Last Updated on April 10, 2026 by Vivekanand
In Part 5 of this series, we watched the compiler backend translate platform-independent LLVM IR into target-specific machine instructions. But we deliberately sidestepped the hardest problem in the entire backend: register allocation in compilers. LLVM IR hands the backend thousands of virtual registers — %1, %2, %3, stretching into the hundreds for any non-trivial function. Meanwhile, your x86-64 CPU offers exactly 16 general-purpose registers. ARM64 is more generous with 31, but it is still a finite resource constrained by strict calling convention rules.
This is the fundamental tension at the heart of register allocation in compilers: how do you map an unbounded set of variables onto a brutally limited set of physical storage locations, while keeping your program as fast as possible? Get it wrong, and variables spill to the stack — RAM that is orders of magnitude slower than a register. Get it right, and your code flies.
Table of Contents
1. The Register Allocation Problem in Compilers
Before diving into algorithms, let’s understand exactly why register allocation in compilers is such a difficult problem. It is not a simple matter of assigning names — several constraints make this a deeply challenging optimization puzzle.
Register Classes Are Separate Pools
A CPU does not have one monolithic set of registers. Instead, registers are split into distinct classes that serve different purposes.
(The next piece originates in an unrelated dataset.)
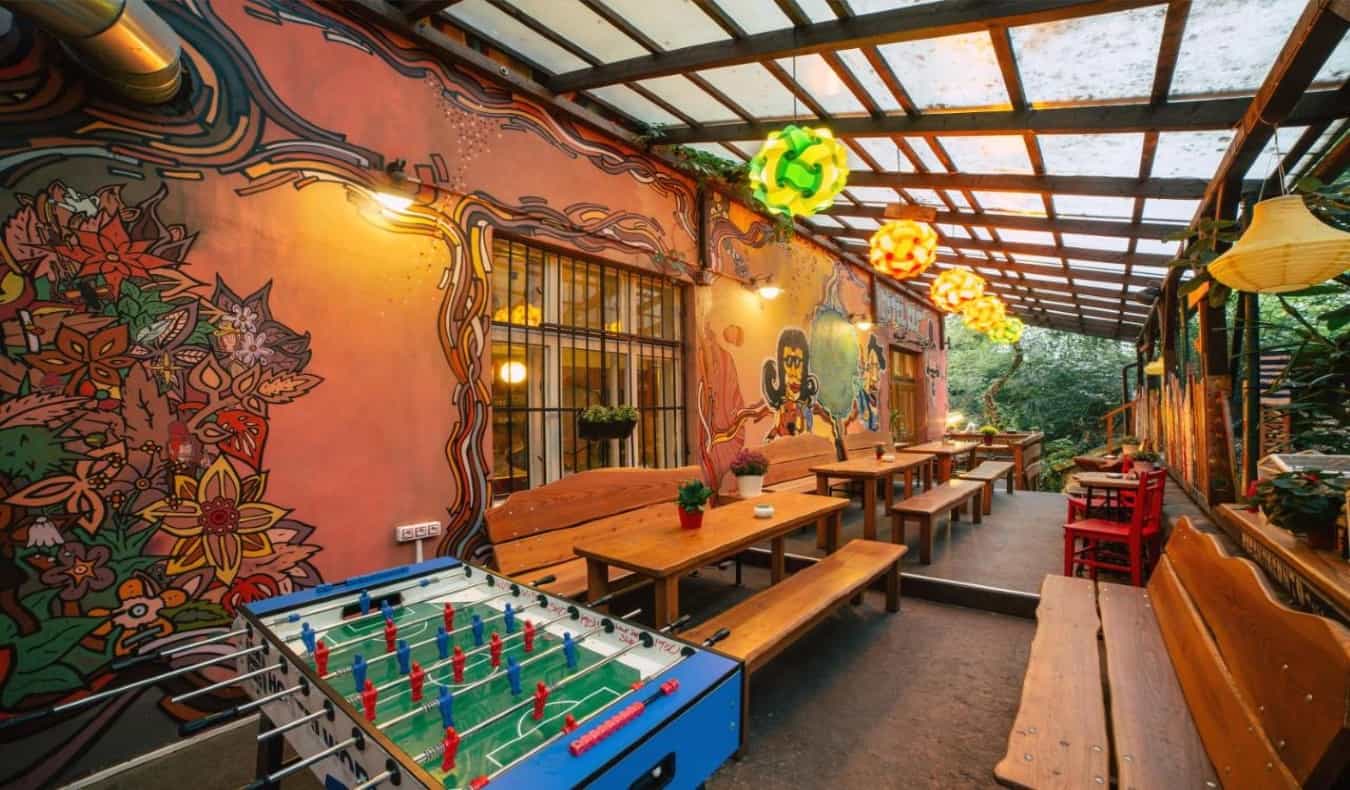 covered outdoor beer garden with long wooden picnic tables and benches, a foosball table, and murals painted on the building at Hostel Elf in Prague.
On x86-64, you have 16 general-purpose registers (RAX through R15), 16 SSE/AVX floating-point registers (XMM0–XMM15, or 32 with AVX-512), and various special-purpose registers. On ARM64, you get 31 general-purpose registers (X0–X30) and 32 SIMD/FP registers (V0–V31). The register allocator must respect these boundaries — an integer variable cannot be placed in a floating-point register.
Calling Conventions Shrink the Available Pool
Not all registers are freely available to the allocator. As we explored in Assembly Part 2: Calling Conventions, the ABI splits registers into caller-saved (volatile) and callee-saved (non-volatile) categories. Caller-saved registers like RDI and RSI on x86-64 are destroyed across function calls, so any value in them must be saved before a call instruction. Callee-saved registers like RBX and R12–R15 persist across calls, but using them forces the compiler to insert save/restore code in the function prologue and epilogue.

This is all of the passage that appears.